Jonathan. Jonathan Aschoff – Brean Murray, Carret & Co.: I was wondering if you could help me understand the GAMMAGARD population or is there any – are there any sub populations that would be extremely rapid adopters of a subcu version, are there any reason that any population would be particularly slow geographically whatever reason there is? And afterwards if this were to work, is there any reason Baxter or whoever want to continue offering an IV version?

Yes I can go through and speak a little bit to the prevalent element going through. There are certain indications – so if you look today, for example, about 40% of all IGIV is administered from home infusion services going through, so those are obviously the first key targets we think that make sense. As far as sub populations, there are things for example Kawasaki’s disease which are rare indications for IGIV products.
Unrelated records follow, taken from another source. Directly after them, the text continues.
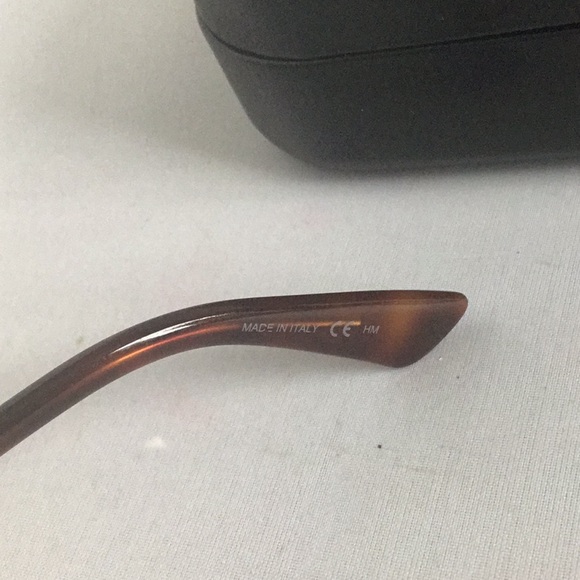 CHRISTIAN DIOR GLASSES MEN. - Picture 4 of 5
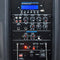 Pyle Pro PPHP1535WMU Portable 15" 2-Way 1600W Wireless and Bluetooth-Enabled PA System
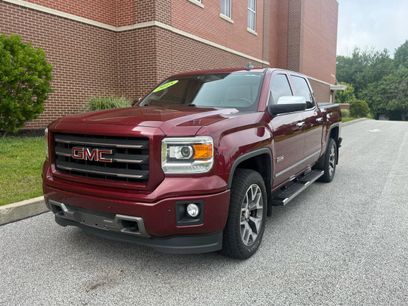Used 2015 GMC Sierra 1500 SLT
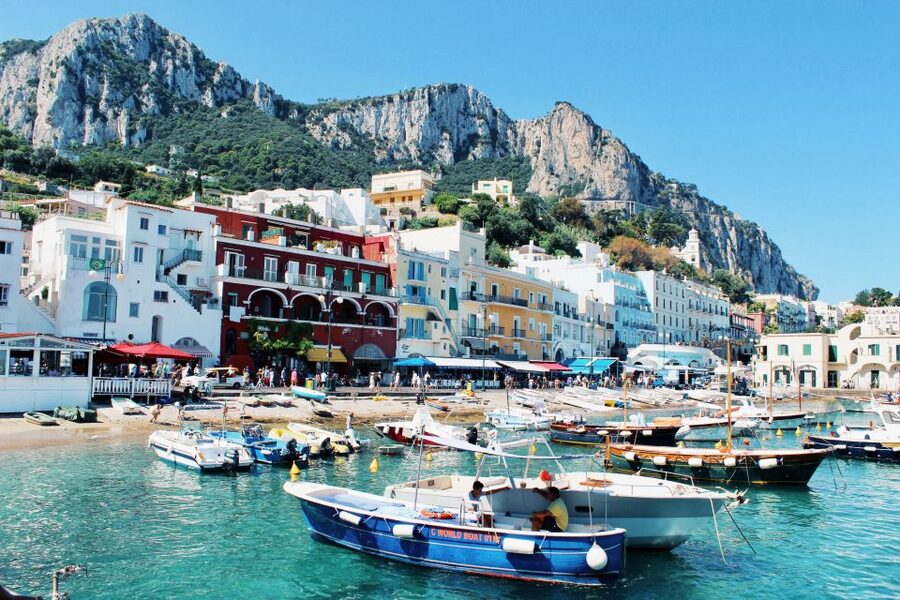 From Sorrento: Round-Trip Ferry Ticket to Capri and Positano - Positano free time: how to make 85 minutes feel like enough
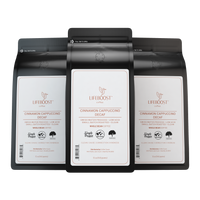 Cinnamon Cappuccino Decaf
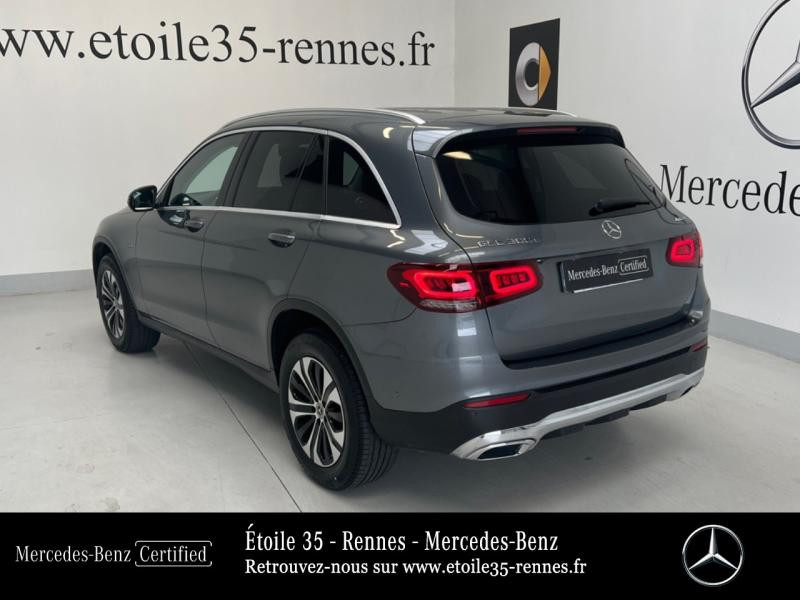Photo 3 de l'offre de MERCEDES-BENZ GLC 300 e 211+122ch Avantgarde Line 4Matic 9G-Tronic Euro6d-T-EVAP-ISC à 52890€ chez Etoile 35 - Mercedes-Benz Rennes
But these aren’t given in either acute settings or other areas where they are predominantly administer in a hospital setting while they comprise a very small part of the overall market. Those would be specific areas where we wouldn’t see rapid adoption. So obviously you can go through and say that people that are on subcu today, those are going to be your early adopters and then probably the folks that are using the product at home. Jonathan Aschoff – Brean Murray, Carret & Co.: Okay. You were saying 40% at home.

If you go back, there is a meter deficiency surveys that goes through an absolute breakdowns of these products, little bated, but still quite relevant. Jonathan Aschoff – Brean Murray, Carret & Co.: Okay thank you very much.
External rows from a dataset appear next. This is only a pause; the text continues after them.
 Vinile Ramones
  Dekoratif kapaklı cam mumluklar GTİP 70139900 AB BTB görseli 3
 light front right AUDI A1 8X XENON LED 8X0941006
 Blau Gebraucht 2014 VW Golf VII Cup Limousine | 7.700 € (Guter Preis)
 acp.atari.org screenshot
And there are no further questions at this time.

All right. Well, thank you everyone for joining us on this call. As I mentioned in our opening remarks, Halozyme has accomplished an impressive list of milestones in 2009. Our ultrafast insulin program has advanced into Phase II and additional studies continue to build value for the program. Roche has started its first Phase III registration trial for a subcutaneous formulation of Herceptin with PH20 resulting in a $5 million milestone payment to Halozyme. Baxter’s Phase III registration study for subcutaneous GAMMAGARD with PH20 is fully enrolled and is expected to be completed by the end of 2010. The launch of Hylenex is underway for pediatric rehydration with the substantial marketing resource commitment by Baxter. In June, Halozyme successfully completed a $40 million equity financing when the window for biotech first opened. We expect the momentum for many of our activities will continue into 2010 when we look forward to updating you on our future progress. Halozyme’s business strategy strikes a balance between proprietary product development programs and partnerships with other companies that aim to leverage a core technology and knowledge base. We continue to operate in a capital efficient manner as demonstrated by our use of $34 million of net cash for the year 2008, followed by our net cash burn of approximately $25 million during the first nine months of 2009, excluding the effect of the June financing. We believe our strategy will provide multiple opportunities for success that can drive significant value for our shareholders. We look forward to updating you again soon on our progress and we will be participating in the Lazard Capital Markets Healthcare Conference in New York on November 18th, and we will also be at the JPMorgan Conference in San Francisco during the second week of January. Again, thank you for your interest in Halozyme and for your participation in today’s call. Take care, everyone.

And this concludes today’s conference. You may now disconnect.